TO DO:
Write out exactly the lines from the one with "Chậu cây mọng" through the last line of the data below, but not the pictures.

= = = = =

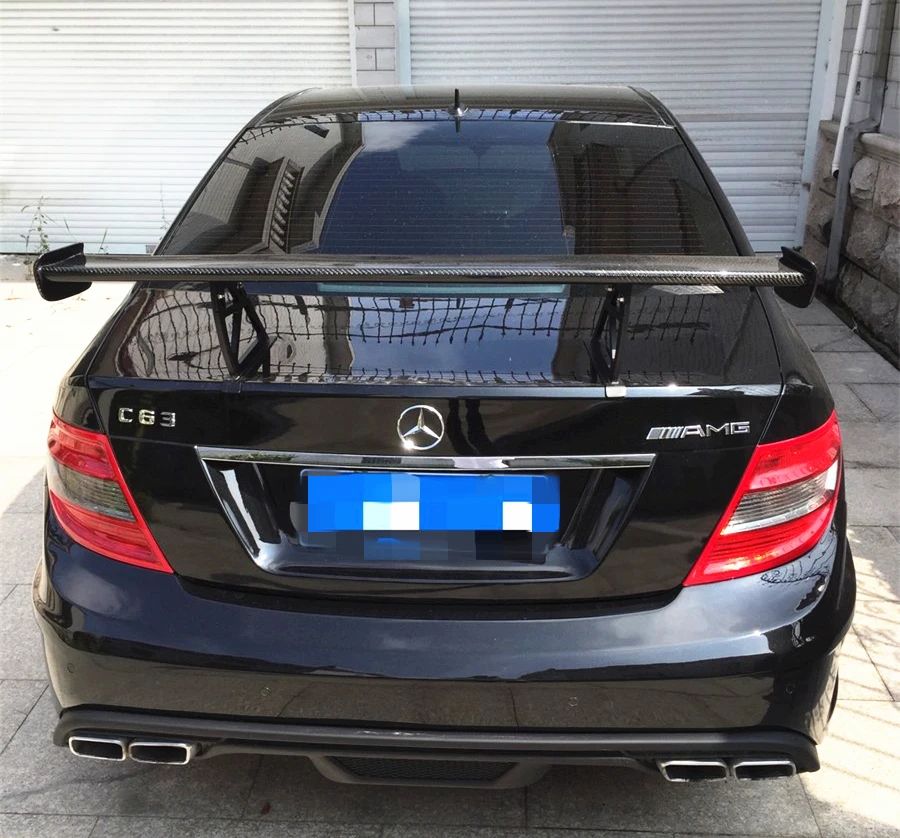 2011-2014 C63 W204 черный серии Стиль углеродного волокна GT Крыло Спойлер с ЧПУ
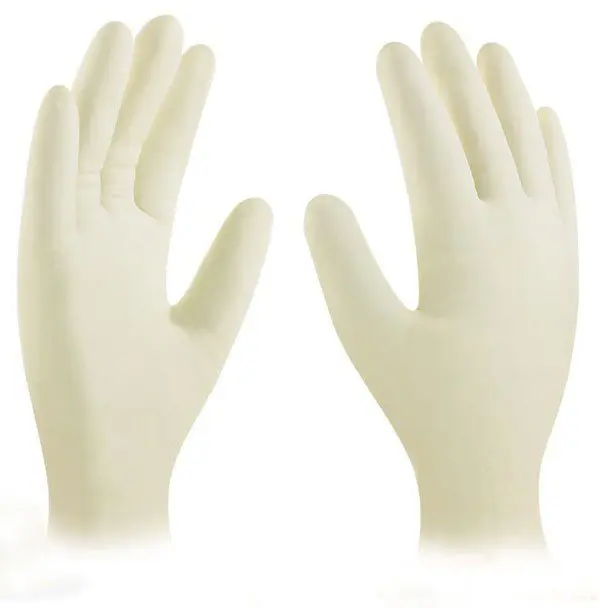 Guante Látex Blanco con Polvo, desechable. Caja 100 Uds.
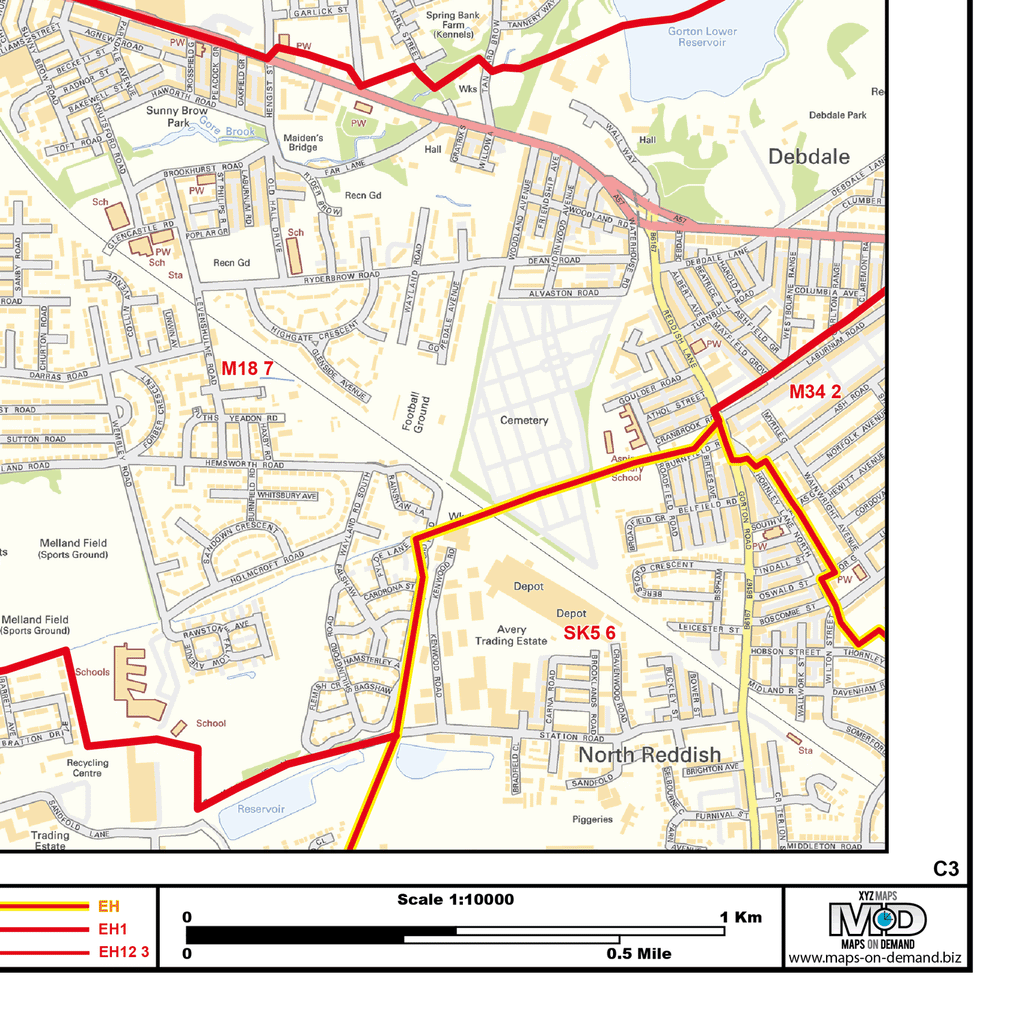 Manchester City Centre Postcode Sector Map (C3) - GeoPDF
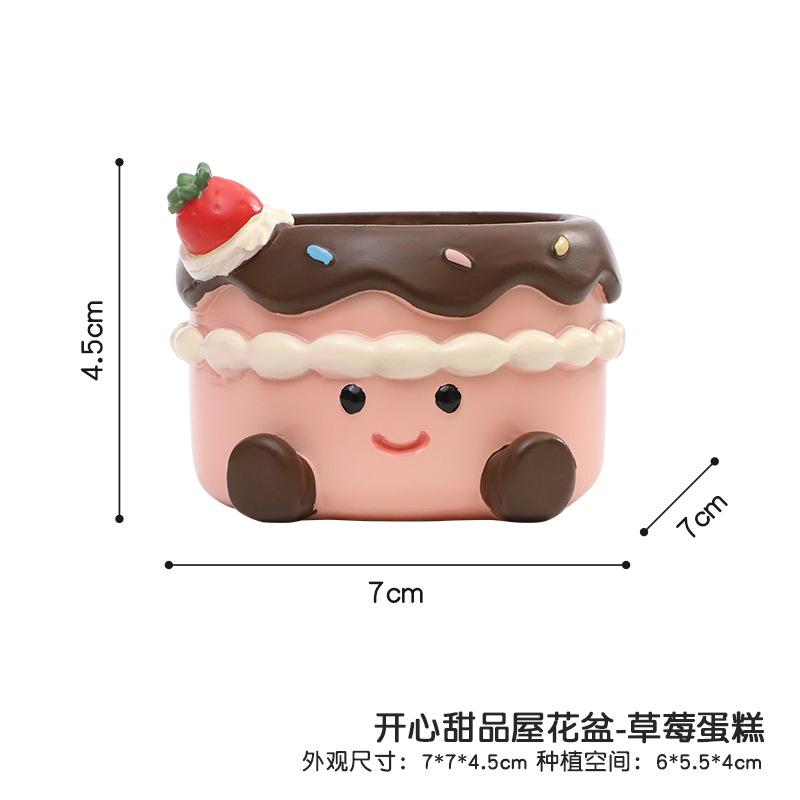 Chậu cây mọng nước hình bánh kem resin, chậu mini để bàn, trang trí cửa sổ sân vườn (RG-32)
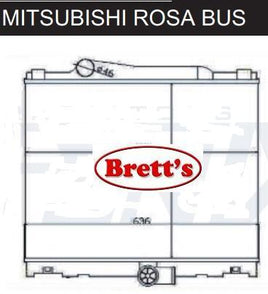 14001.340 RADIATOR  MITSUBISHI FUSO ROSA BUS 2007- Radiator Assembly  Suit Mitsubishi Rosa Bus BE64 BE64D Models with Engine 4M50-3AT7 & Manual Transmission   Core Size: 480mm x 635mm x 40mm   Direct Replacement for Original - No Modifications Required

= = = = =

RESULT:
 Chậu cây mọng nước hình bánh kem resin, chậu mini để bàn, trang trí cửa sổ sân vườn (RG-32)
 14001.340 RADIATOR  MITSUBISHI FUSO ROSA BUS 2007- Radiator Assembly  Suit Mitsubishi Rosa Bus BE64 BE64D Models with Engine 4M50-3AT7 & Manual Transmission   Core Size: 480mm x 635mm x 40mm   Direct Replacement for Original - No Modifications Required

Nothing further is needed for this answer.